See Applying QualMix to Your Own Work for a brief demonstration of applying the method proposed in the paper to your own data. If you do use this approach, I only request that you please cite the paper. You are welcome to adapt the code I wrote for this project, but please note the GPL3 license. I am working on a R package that will implement this method more efficiently.

If you encounter any issues or have any questions, please do not hesitate to let me know!

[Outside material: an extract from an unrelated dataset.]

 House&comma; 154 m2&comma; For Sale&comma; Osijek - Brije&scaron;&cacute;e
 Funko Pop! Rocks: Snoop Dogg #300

Please see File Descriptions below for a description of all the files contained in this repository.

Required Packages

Please see install_packages_qualmix_app.R, install_packages_qualmix_common.R, and install_packages_qualmix_app.R in the install_packages/ folder for installation scripts for all required packages for the simulation analysis and application parts of the analysis.

R and package versions used for analysis in paper:

  • R: 4.3.0
  • Tidyverse 2.0.0 packages:
    • {dplyr_1.1.2}
    • {ggplot2_3.4.2}
    • {haven_2.5.2}
    • {purr_1.0.1}
    • {tidyr_1.3.0}
    • {tibble_3.2.1}
  • {here_1.0.1}
  • {pROC_1.18.0}
  • {philentropy_0.7.0}
  • {gtools_3.9.4}
  • {stringdist_0.9.10}
  • {rstan_2.21.8}
  • {Cairo_1.6-0}
  • {cmdstanr_0.5.3}
    • cmdstan: 2.32.1
  • {labelled_2.11.0}
  • {doParallel_1.0.17}
  • {RColorBrewer_1.1-3}
  • {xtable_1.8-4}

Replication

Backchecking = Reinterviewing

In my native discipline, the process of reinterviewing is often referred to as “backchecking.” During the work for this project and initial drafts, the paper retained this terminology. Because JSSAM is a general survey methodology journal, however, in consultation with the editors, I chose to change to “reinterviewing” throughout the paper, as “backcheck” is not frequently used in the survey methodology literature. As the code for this project was written before this change, the file and object names in the scripts still use the word backcheck (or variations thereof). Whenever you see “backcheck,” you can insert “reinterview.”

Paper Results Replication

To replicate the analysis presented in the main paper and supplementary appendix, please follow these steps:

  1. Clone this repository to your computer.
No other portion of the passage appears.